On the day of the release of a preliminary report on the failures leading to the Christmas Day plot, the president stepped before the cameras and delivered a stern, forceful statement. He punctuated it with a line that could have been written by Dick Cheney and was almost certainly prompted by his criticism: “We are at war. We are at war against al Qaeda.”

Obama gets compared to FDR by his supporters and Jimmy Carter by his critics, but on this day he tried to channel Harry Truman: “Ultimately, the buck stops with me,” he said, in a 12-minute talk replete with the language of accountability. He was unsparing about the “failure to connect” the different leads about Umar Abdulmutallab and sounded determined that they’ll be fixed, or else.

Obama’s posture is a vast improvement over his immediate post-Christmas detachment, and he’s avoiding President George W. Bush’s mistake of throwing a protective blanket of loyalty over whatever failings occur in his own bureaucracy. (“Heckuva job, Brownie” distilled for the ages in one phrase Bush’s characteristic chin-up boosterism.)

But what will Obama’s expressed commitment to getting it right ultimately bring?

National Security Council Director James Jones previewed the report earlier in the day by warning it would “shock” people. That overplayed it, since we already knew we had all the information we needed to stop Abdulmutallab before he got on the plane. The report’s recitation of the sources of that failure is less shocking than dispiritingly familiar.

Again, the dots weren’t connected, only in a slightly different way. This time (unlike pre-9/11), the info was shared between agencies and available to all parties — just not acted on or understood properly. We knew al Qaeda in the Arabian Peninsula was a growing threat, but didn’t focus on the specific plots it might be generating against our homeland.

After the report of the 9/11 Commission, Congress created with great fanfare the Director of National Intelligence and the National Counterterrorism Center — i.e., more bureaucracy. “The intentional redundancy in the system should have added an additional layer of protection in uncovering a plot like the failed attack on Dec. 25,” the report says. As we now know, redundancy’s not the answer.

Obama said he’s directing the intelligence community to assign specific responsibility to following leads from high-priority threats; to distribute intelligence reports more widely; to strengthen its analytical process, and to get more people on the no-fly list. All to the good, no doubt — but any sprawling bureaucracy can only be made so smart and supple.

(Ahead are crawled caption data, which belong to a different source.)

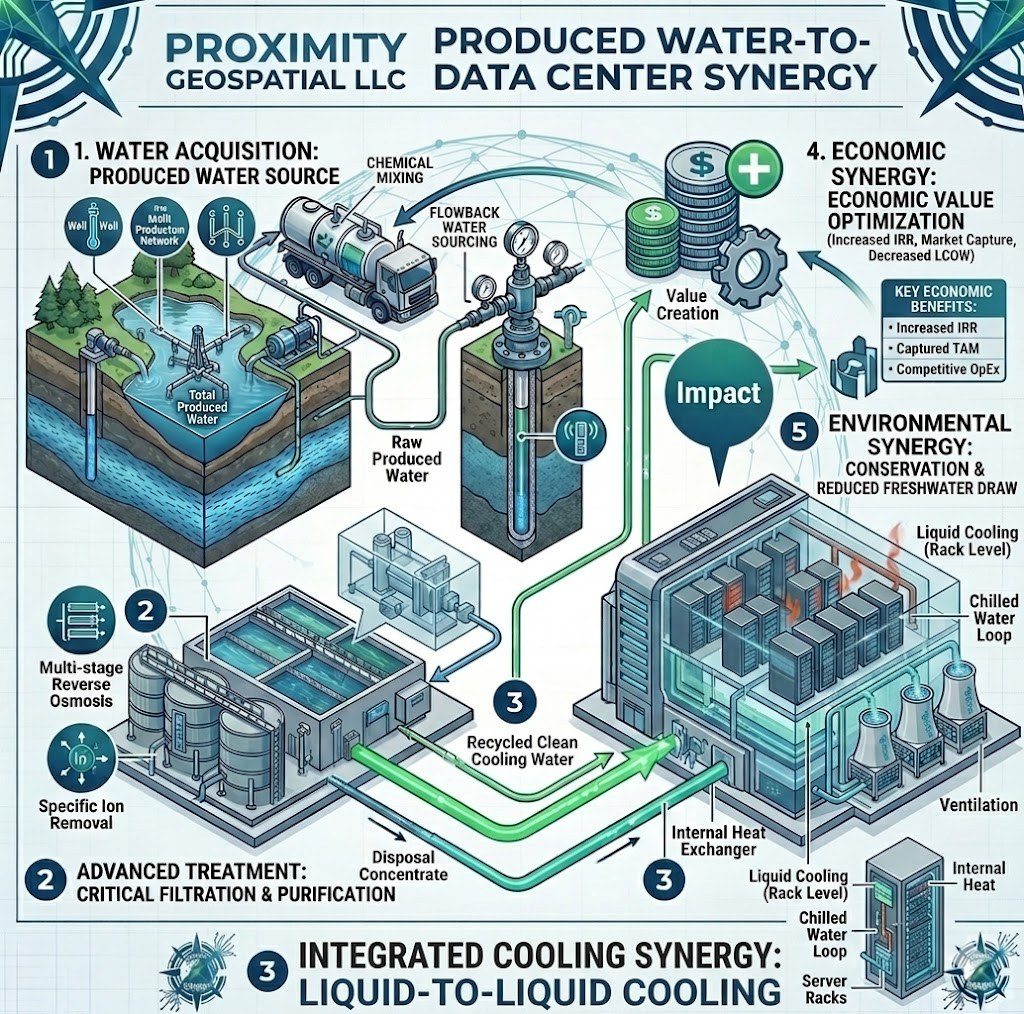 Infographic showing treated produced water supplying data center liquid cooling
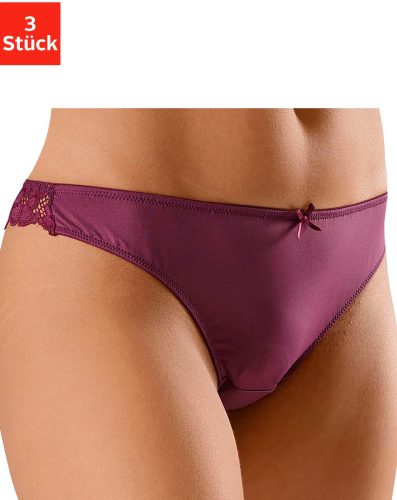 PETITE FLEUR String achter geheel van fijne jacquard-kant (Set van 3)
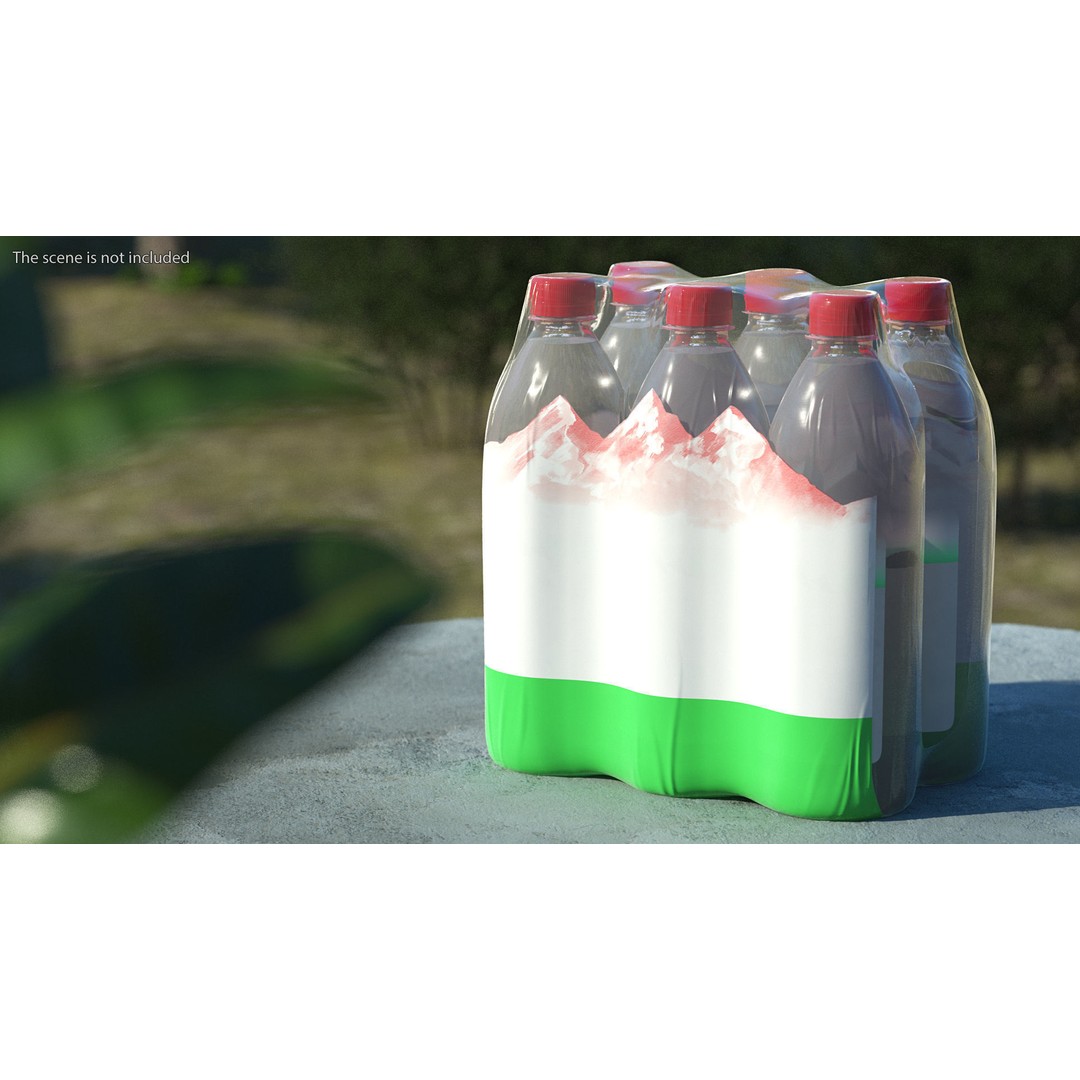 Mineral Water 1L Bottle Pack 3D Model – High Quality Polygonal Asset, FBX - View 4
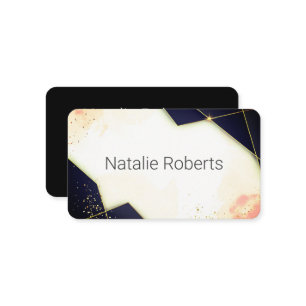 Modern Elegant Golden Black -Pink Business Card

And, by the end of his conference, Obama was vitiating his talk of accountability. He signaled that no one will be fired, because it was a “systemic failure across organizations and agencies.” In other words, so many people made mistakes, none of them can be held accountable.

He gave no indication that we’ll adopt a more intelligence-oriented approach at the airports, focused more on finding bad people than contraband nail clippers. He invoked the $1 billion the administration has already poured into more screening technology, which may be necessary but will never be sufficient unless we become as hard-headed as the Israelis about devoting more attention to passengers who represent the greatest potential risks.

In the end, the most important line of the speech is that “we are at war.” Those four words should sink deep down into his administration and permeate all that it does.

We’re never going to eliminate human error or get the bureaucracy exactly right. Which is why we have to be aggressive in taking the fight to the enemy overseas and not leave intelligence on the table, as we did by making Abdulmatallab a civil defendant, or free terrorists back into the field, as we’ve done with foolish Gitmo releases.

Whether he likes it or not, Obama is a war president. If he talks like it more often, who knows? Word might even filter down to Janet Napolitano.